God here shows Job what little acquaintance he had with the untamed creatures that run wild in the deserts and live at large, but are the care of the divine Providence. As,

I. The wild goats and the hinds. That which is taken notice of concerning them is the bringing forth and bringing up of their young ones. For, as every individual is fed, so every species of animals is preserved, by the care of the divine Providence, and, for aught we know, none extinct to this day.
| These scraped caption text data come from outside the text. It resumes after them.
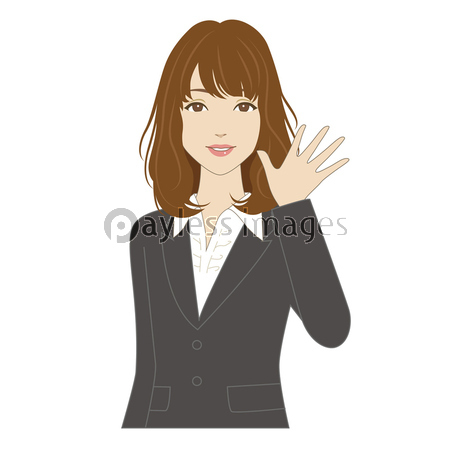 笑顔で手を振るスーツ姿の女性会社員 商用利用可能な写真素材 イラスト素材ならストックフォトの定額制ペイレスイメージズ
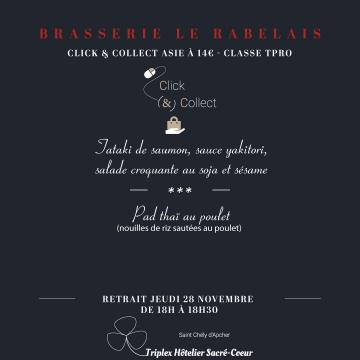 Jeudi 28 novembre 2024 (click & collect) brasserie le rabelais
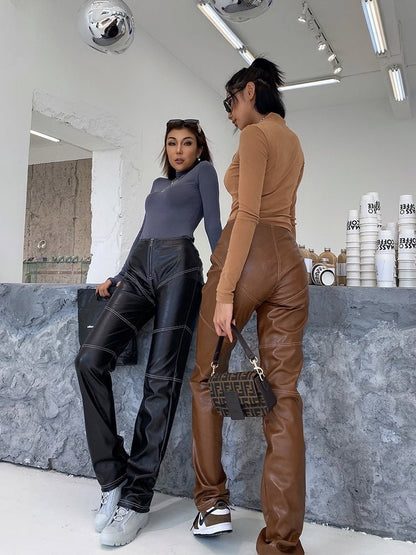 Janine Dolly - The Nevermore Leather Pants For Woman – Unique Fashion for Women by Nevermore Lifestyle & Tech | L Black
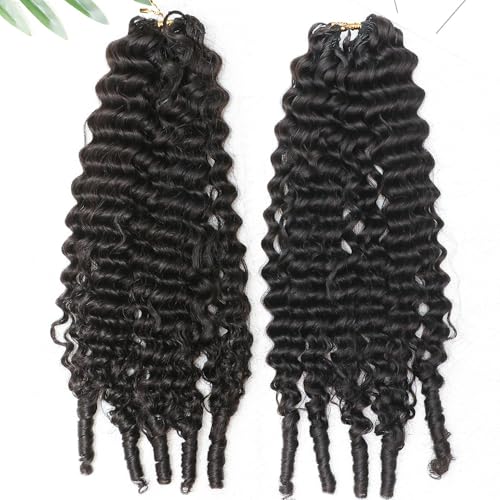Feather Crochet Human Hair With Tight Curly Ends Invisible Knots Deep Curly Crochet Human Hair Extensions Knotless Pre-Separated 18inch 60g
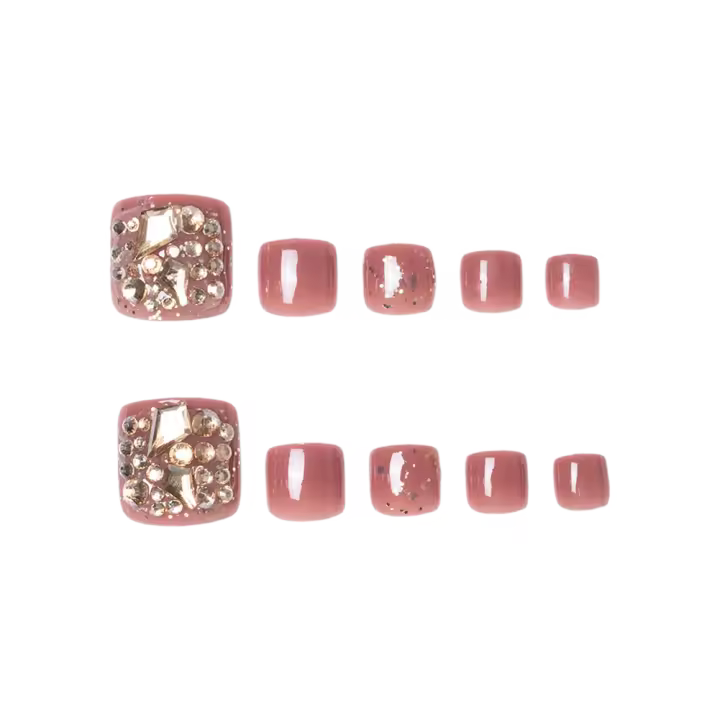 Uñas postizas de pie rosa brillante, adhesivo ultraflexible de larga duración para uso en escenario - 1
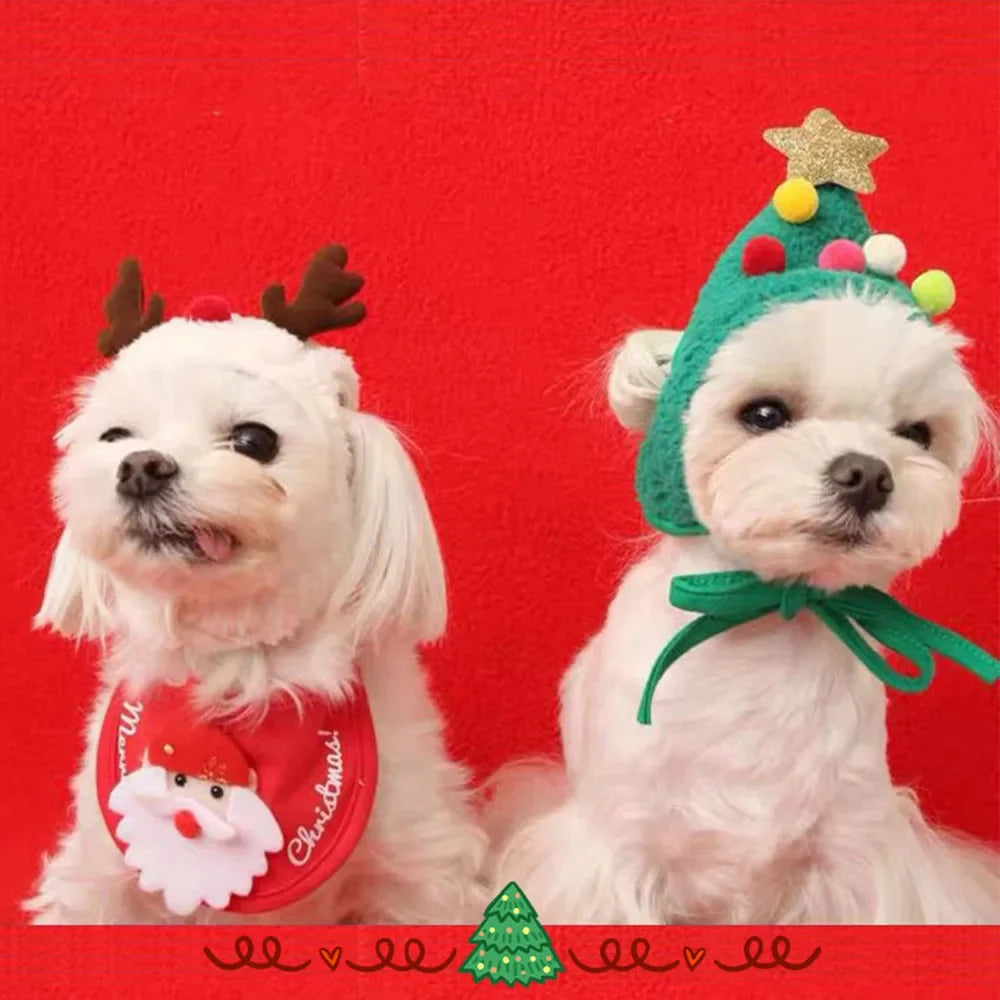 Christmas Puppy Dog Cat Costume Xmas Cat Santa Elk Hat with Bandana Bib Scarf Set Cat Accessories Pet Holiday Dress Up Supplies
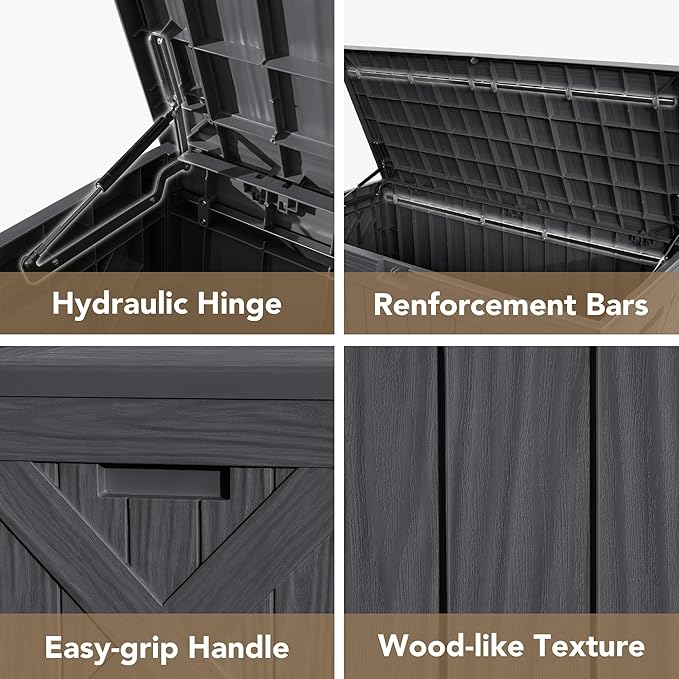 Devoko 120 Gallon Deck Box Resin Outdoor Storage Box Waterproof for Patio, Large Outdoor Storage Bench Lockable for Outside (Grey)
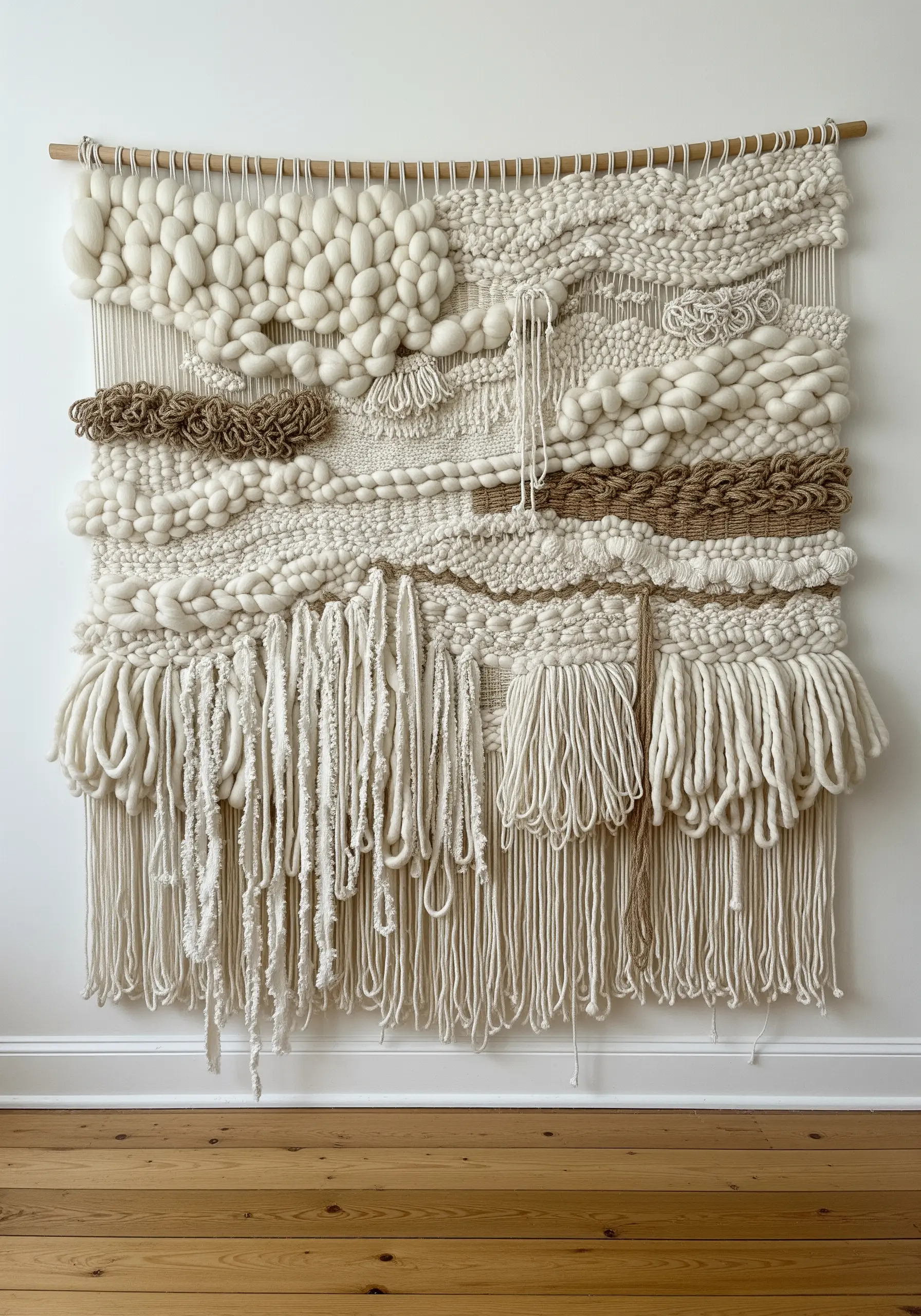 Large woven wall hanging in neutral tones with a huge variety of textures and knots.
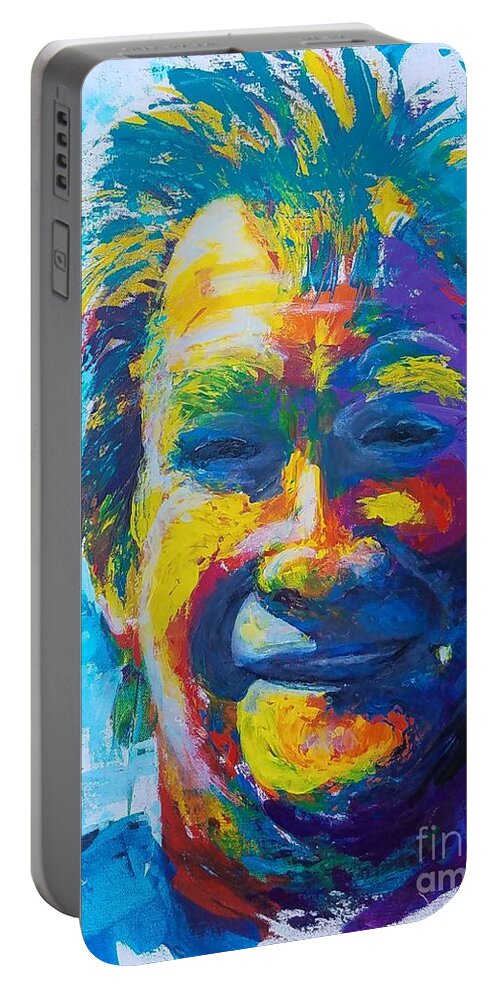 Contemporary Portrait Portable Battery Charger featuring the painting Joyfulness by Lisa Debaets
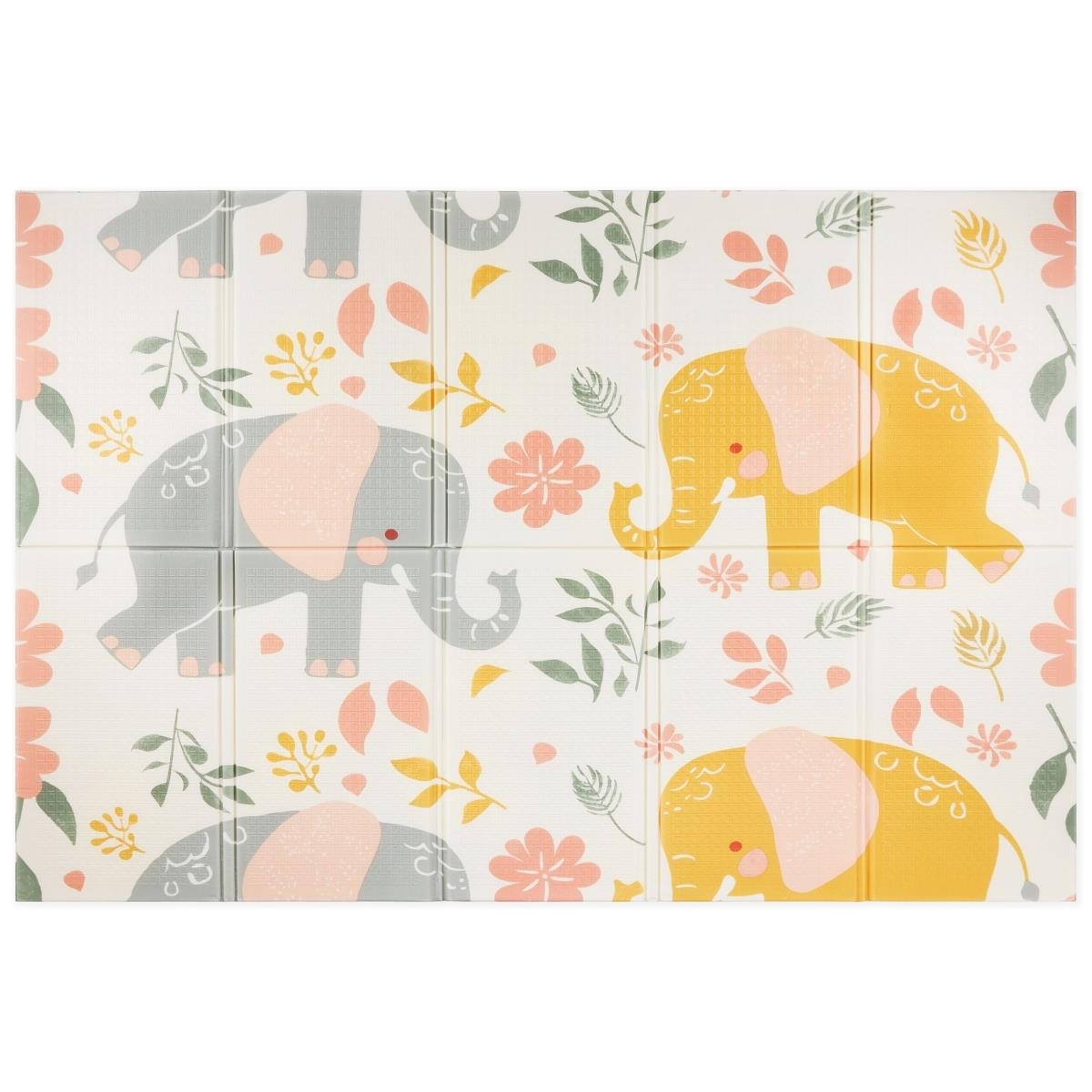 Tapis pliant double face en mousse 180 x 120 x 1cm - Eléphants exotiques/Gris délicat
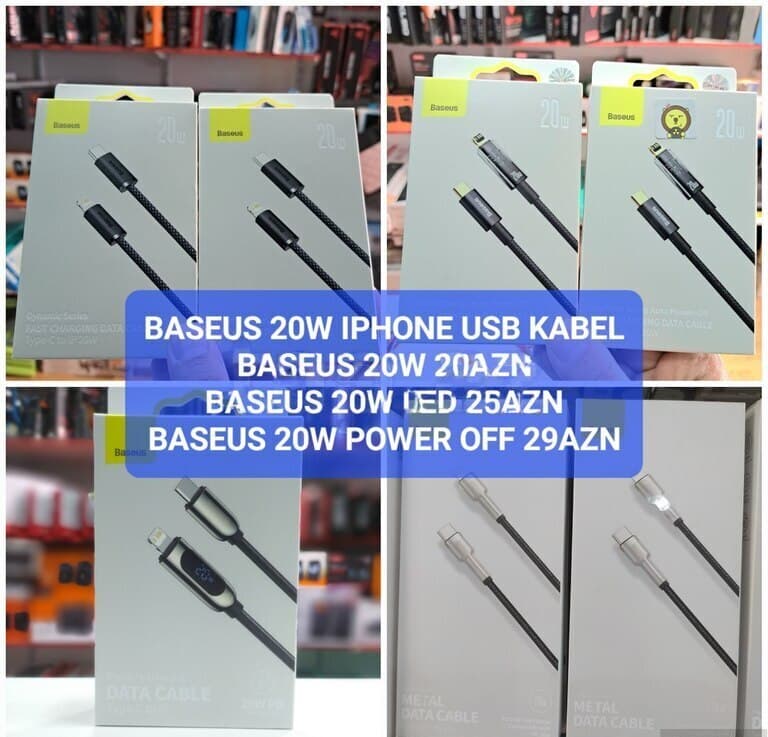 Baseus Type-C to Lightning 20W PD Sürətli Şarj Kabeli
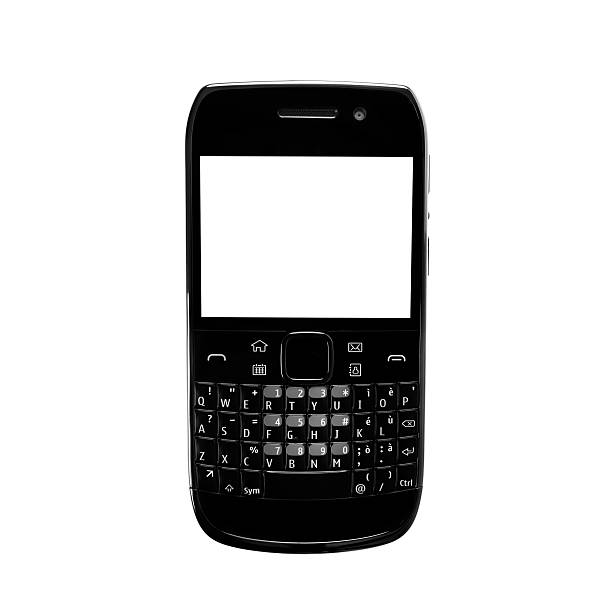 Smartphone white screen qwerty keypad isolated. Black color.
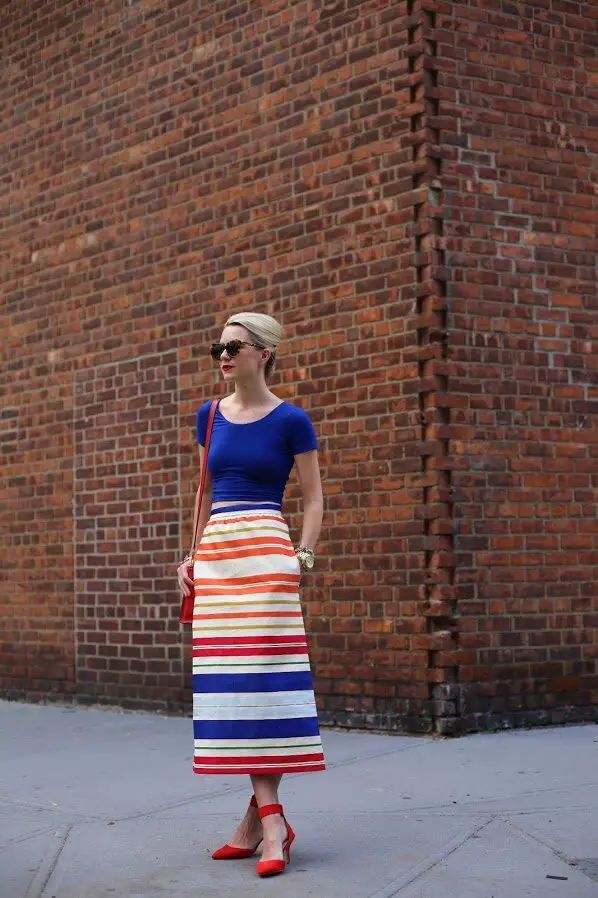 3-striped-midi-skirt-with-cobalt-blue-top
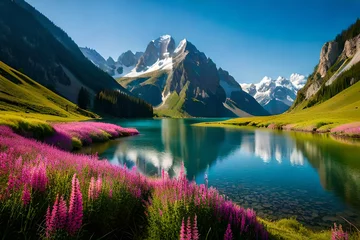Fotobehang alpine lake in the mountains © asad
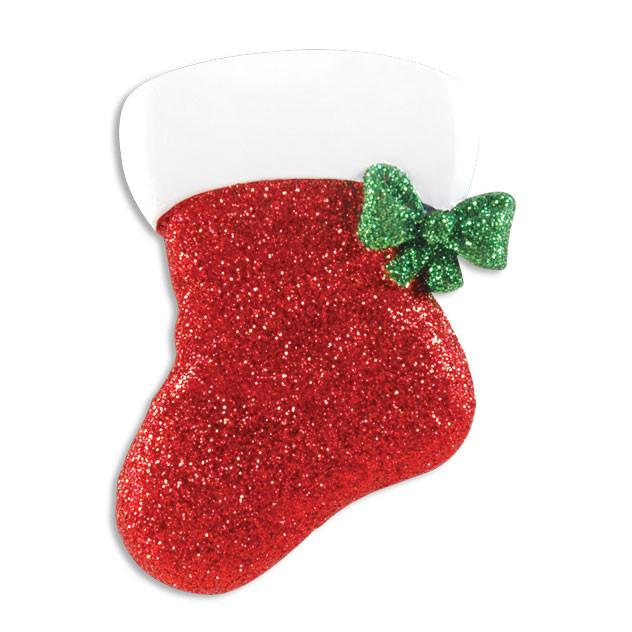 Personalized Poly-Resin Ornament Red Glitter Stocking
Observe here, 1. Concerning the production of their young, (1.) Man is wholly ignorant of the time when they bring forth, Job 39:1, 2. Shall we pretend to tell what is in the womb of Providence, or what a day will bring forth, who know not the time of the pregnancy of a hind or a wild goat? (2.) Though they bring forth their young with a great deal of difficulty and sorrow, and have no assistance from man, yet, by the good providence of God, their young ones are safely produced, and their sorrows cast out and forgotten, Job 39:3. Some think it is intimated (Ps. 29:9) that God by thunder helps the hinds in calving. Let it be observed, for the comfort of women in labour, that God helps even the hinds to bring forth their young; and shall he not much more succour them, and save them in child-bearing, who are his children in covenant with him? 2. Concerning the growth of their young, (Job 39:4): They are in good liking; though they are brought forth in sorrow, after their dams have suckled them awhile they shift for themselves in the corn-fields, and are no more burdensome to them, which is an example to children, when they have grown up, not to be always hanging upon their parents and craving from them, but to put forth themselves to get their own livelihood and to requite their parents.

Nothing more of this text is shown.